* BRIEF: Transcribe the listing that follows in full, omitting pictures.

* DATA TO EXAMINE:
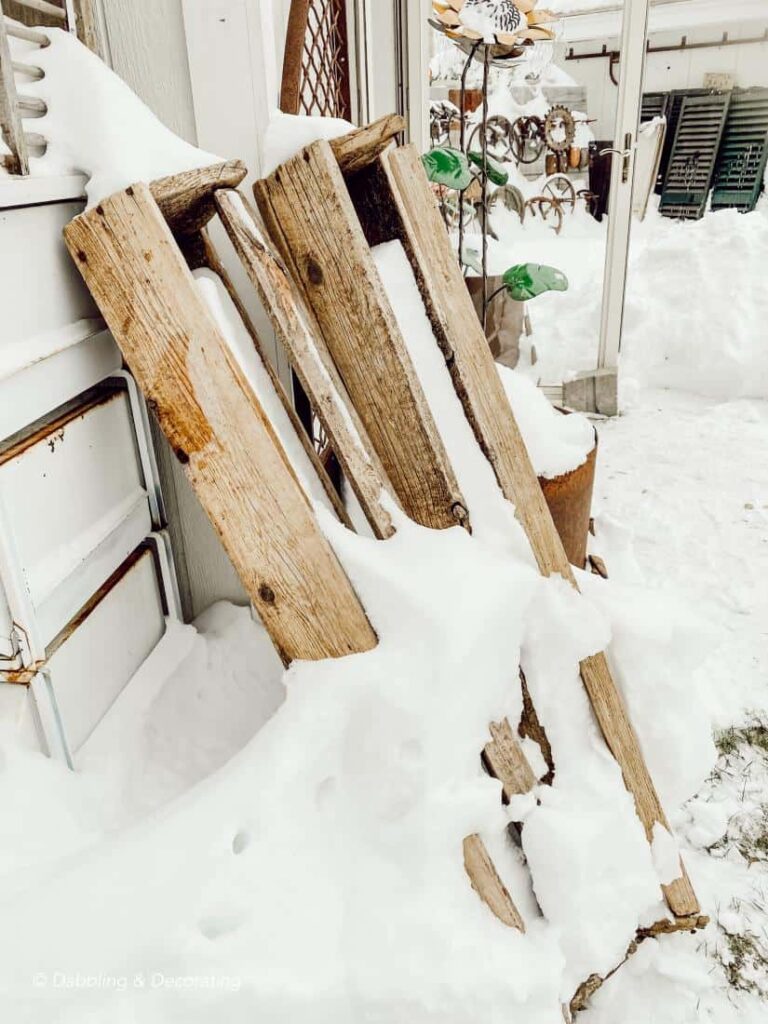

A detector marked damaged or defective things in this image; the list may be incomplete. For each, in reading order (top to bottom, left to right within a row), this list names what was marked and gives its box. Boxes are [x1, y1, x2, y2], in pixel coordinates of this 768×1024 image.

broken wood piece [148, 161, 246, 235]
splintered wood edge [149, 160, 246, 234]
broken wood piece [64, 183, 376, 663]
broken wood piece [198, 229, 354, 532]
broken wood piece [215, 190, 397, 544]
broken wood piece [256, 144, 468, 536]
broken wood piece [327, 114, 405, 176]
splintered wood edge [329, 114, 405, 176]
broken wood piece [327, 138, 700, 921]
broken wood piece [466, 835, 528, 933]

* EXERCISE ANSWER:
A detector marked damaged or defective things in this image; the list may be incomplete. For each, in reading order (top to bottom, left to right within a row), this list names what was marked and gives its box. Boxes are [x1, y1, x2, y2], in pixel coordinates of this 768×1024 image.

broken wood piece [148, 161, 246, 235]
splintered wood edge [149, 160, 246, 234]
broken wood piece [64, 183, 376, 663]
broken wood piece [198, 229, 354, 532]
broken wood piece [215, 190, 397, 544]
broken wood piece [256, 144, 468, 536]
broken wood piece [327, 114, 405, 176]
splintered wood edge [329, 114, 405, 176]
broken wood piece [327, 138, 700, 921]
broken wood piece [466, 835, 528, 933]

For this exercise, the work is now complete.